Staff agrees that the Third RRSSA Amendment contained in Attachment A of this recommendation is in the public interest and should be approved. Recovery of the DCS facility costs through the CCR Clause would allow annual review and adjustment, including potential credits from DOE awards.


Issue 2: 

 Should this docket be closed?

Recommendation: 

 Yes. This docket should be closed upon issuance of a consummating order, unless a person whose substantial interests are affected by the Commission’s decision files a protest within 21 days of the issuance of the Commission’s Proposed Agency Action Order. (Janjic)

Staff Analysis: 

 This docket should be closed upon issuance of a consummating order, unless a person whose substantial interests are affected by the Commission’s decision files a protest within 21 days of the issuance of the Commission’s Proposed Agency Action Order.



 


 


 


 


 


 


 



[1]Order No. PSC-12-0104-FOF-EI, issued March 8, 2012, in Docket No. 120022-EI, In re: Petition for limited proceeding to approve stipulation and settlement agreement by Progress Energy Florida, Inc.

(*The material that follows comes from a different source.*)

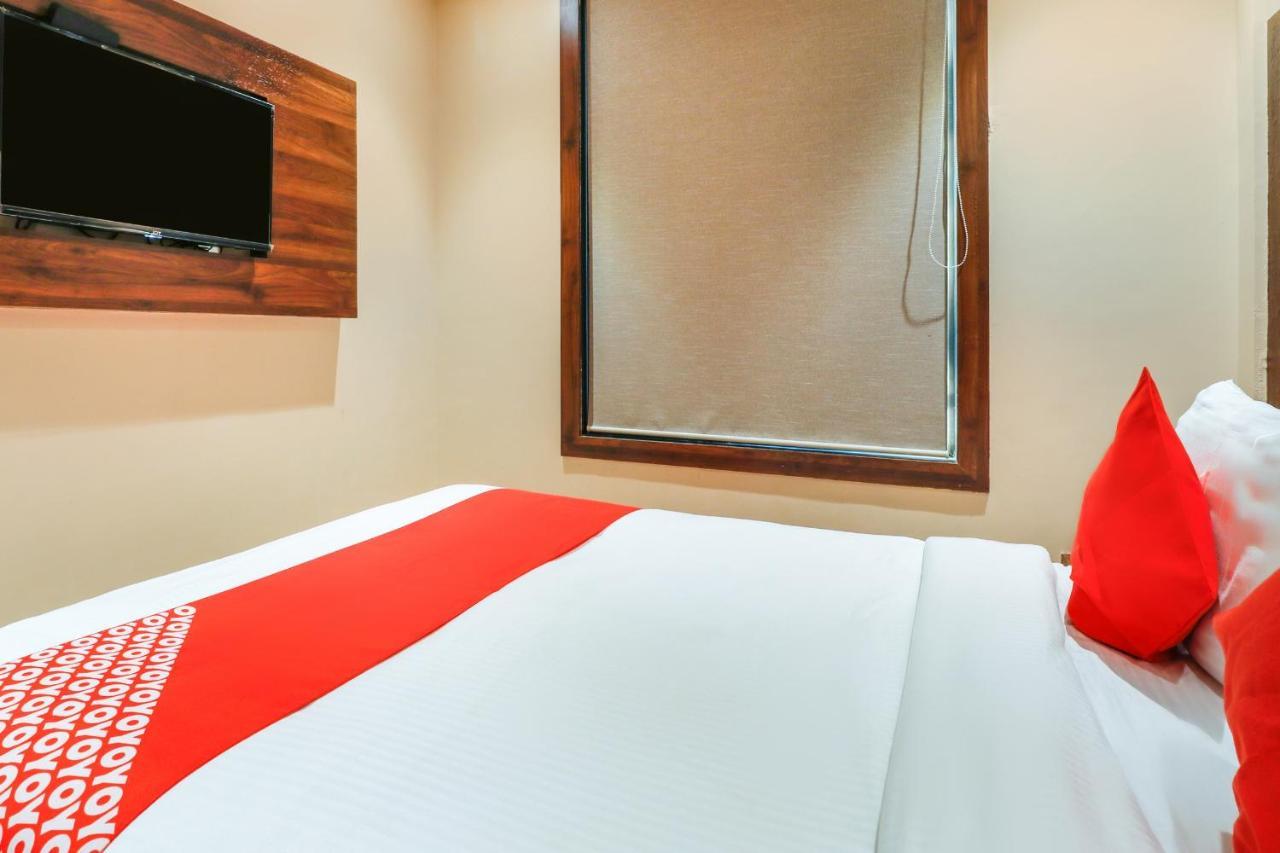 Oyo 70475 Hotel Sea Breeze Мумбаї Екстер'єр фото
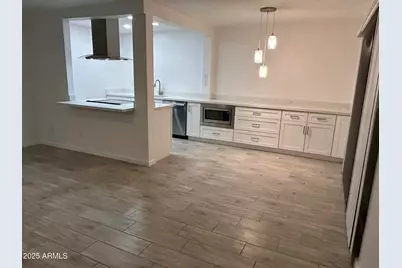 3416 N 44th Street #10, Phoenix, AZ 85018 - Photo 1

[2]Order No. PSC-13-0598-FOF-EI, issued November 12, 2013, in Docket No. 130208-EI, In re: Petition for limited proceeding to approve revised and restated stipulation and settlement agreement by Duke Energy Florida, Inc. d/b/a Duke Energy.

[3]Order No. PSC-15-0465-S-EI, issued October 14, 2015, in Docket Nos. 150148-EI, In re: Petition for approval to include in base rates the revenue requirement for the CR3 regulatory asset, by Duke Energy Florida, Inc. and 150171-EI, In re: Petition for issuance of nuclear asset-recovery financing order, by Duke Energy Florida, Inc. d/b/a Duke Energy, and

Order No. PSC-16-0138-FOF-EI, issued April 5, 2016, in Docket Nos. 150148-EI, In re: Petition for approval to include in base rates the revenue requirement for the CR3 regulatory asset, by Duke Energy Florida, Inc. and 150171-EI, In re: Petition for issuance of nuclear asset-recovery financing order, by Duke Energy Florida, Inc. d/b/a Duke Energy.

[4]Order No. PSC-15-0027-PAA-EI, issued January 7, 2015, in Docket No. 140113-EI, In re: Petition for approval to construct an independent spent fuel storage installation and an accounting order to defer amortization pending recovery from the Department of Energy, by Duke Energy Florida, Inc.